Çalışmamızın ilk bölümünde geçici hukuki koruma
kavramı genel esaslarıyla açıklanmıştır. Geçici hukuki korumaların amacı ve
önemi üzerinde durulmuş, geçici hukuki korumalar Kanun’daki ayrıma ve işlevlerine
göre sınıflandırılmıştır. Daha sonra geçici hukuki korumalar bakımından
incelenmesi gereken hukuki dinlenilme hakkının kullandırılmasının ertelenmesi,
yaklaşık ispatla yetinme ve menfaat dengesinin gözetilmesine değinilmiştir.
Yine bu bölümde etkin hukuki koruma kavramı tanımlanmış, geçici hukuki
korumaların etkin hukuki korumanın sağlanmasındaki rolüne işaret edilmiştir.
İlk bölümün ikinci kısmında ise marka kavramı,
marka hakkının özellikleri ve kapsamı ile marka hakkının sahibine sağladığı
yetkiler açıklanmıştır. Bu bölümde son olarak, geçici hukuki korumaların marka hakkının
korunmasındaki işlevi üzerinde durulmuştur.

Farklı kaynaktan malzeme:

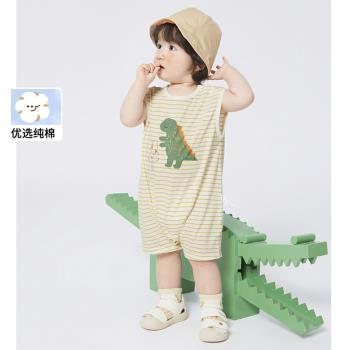 嬰兒衣服夏款外出純棉薄款連體衣寶寶洋氣時尚A類無袖哈衣韓版潮.
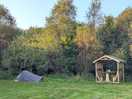 Cae ddel. camping pitch with a wooden hut.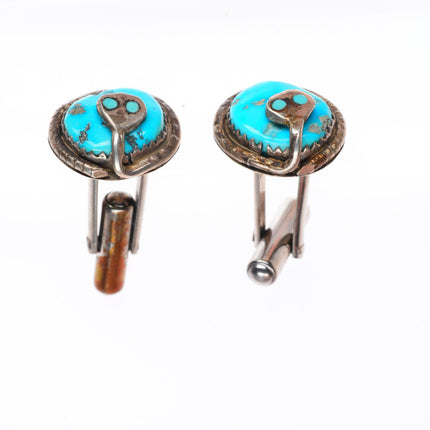 Vintage Effie Calavaza Zuni sterling silver turquoise snake cufflinks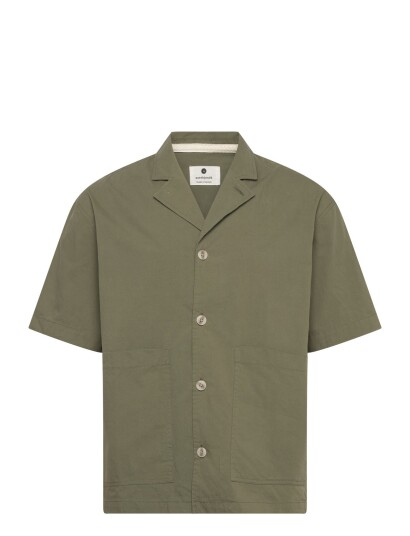 Anerkjendt Akotto Cotton Poplin Ss Overshirt   Khaki green   S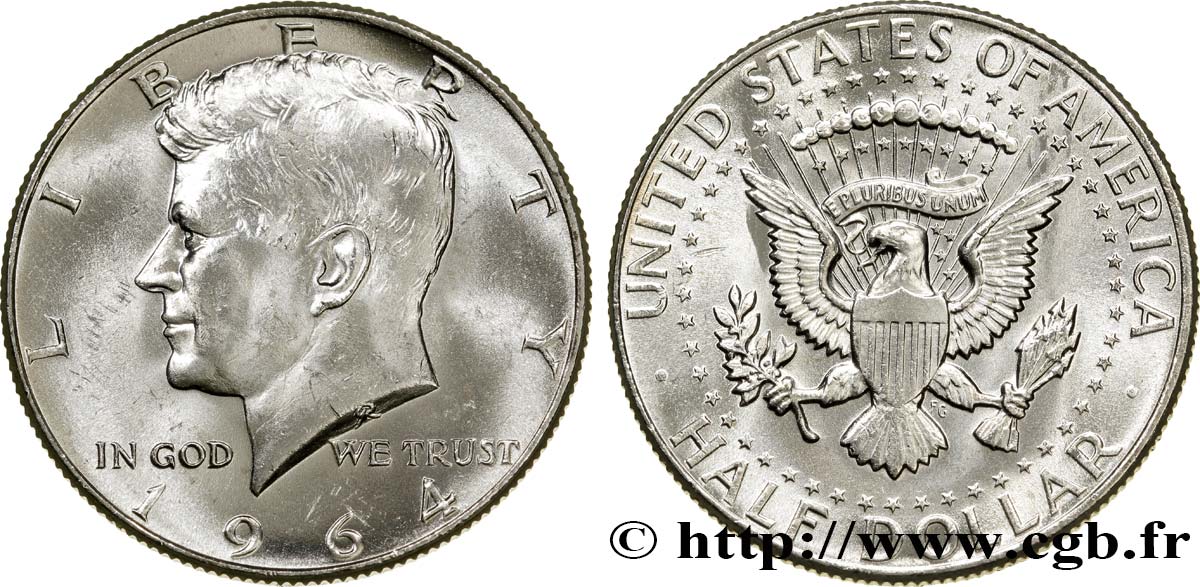 UNITED STATES OF AMERICA 1/2 Dollar Kennedy 1964 Philadelphie MS 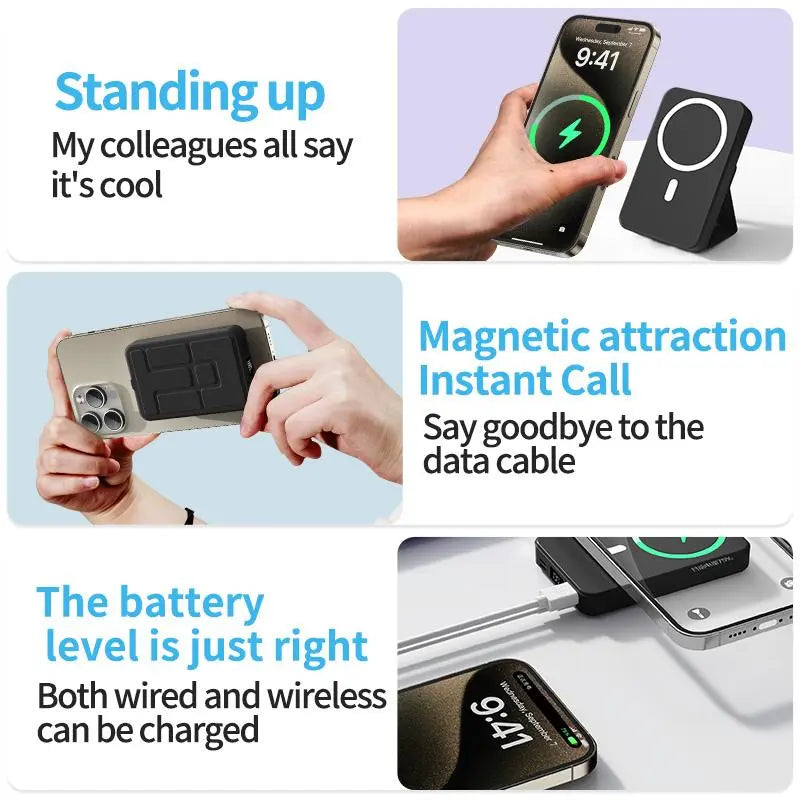 10000Mah Magnetic Power Bank – Portable Charger with Foldable Stand, LED Digital Display, Charge Iphone & Android Devices Simultaneously Tiktokshopspringglowup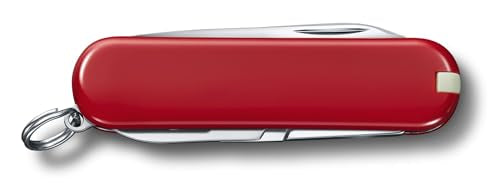 Victorinox Classic SD Swiss Army Knife, Compact, 7 Functions, Swiss Made Pocket Knife with Small Blade, Screwdriver and Key Ring - Style Icon (Red)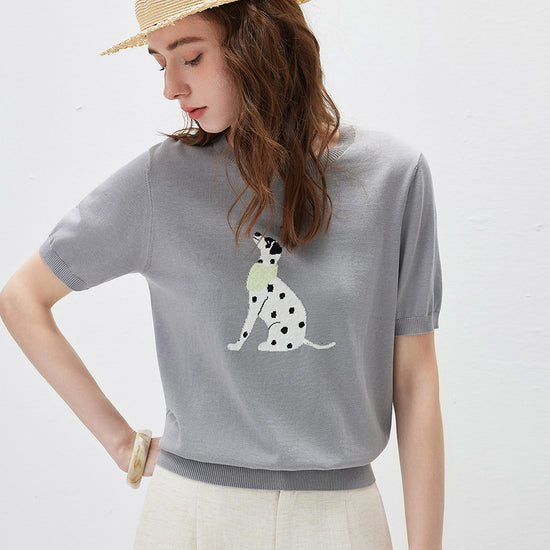 COMOBOCA Women's Dalmatian Intarsia Knit T-Shirt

Geçici hukuki korumalara ve marka hakkına
ilişkin temel açıklamalardan sonra çalışmamızın ikinci bölümünde marka
hukukundaki uyuşmazlıklarda ihtiyati tedbirin uygulanması ele alınmıştır.
İhtiyati tedbir, Sınai Mülkiyet Kanunu’nun 159. maddesinde üç fıkra halinde düzenlenmiştir.
Bu bölümde öncelikle ihtiyati tedbir kavramı ve tedbirin konusu açıklanmıştır.
Devamında ihtiyati tedbire temel teşkil eden hak olarak marka hakkı ve ihtiyati
tedbir sebebi olarak marka hakkına tecavüz ayrıntılı bir şekilde incelenmiştir.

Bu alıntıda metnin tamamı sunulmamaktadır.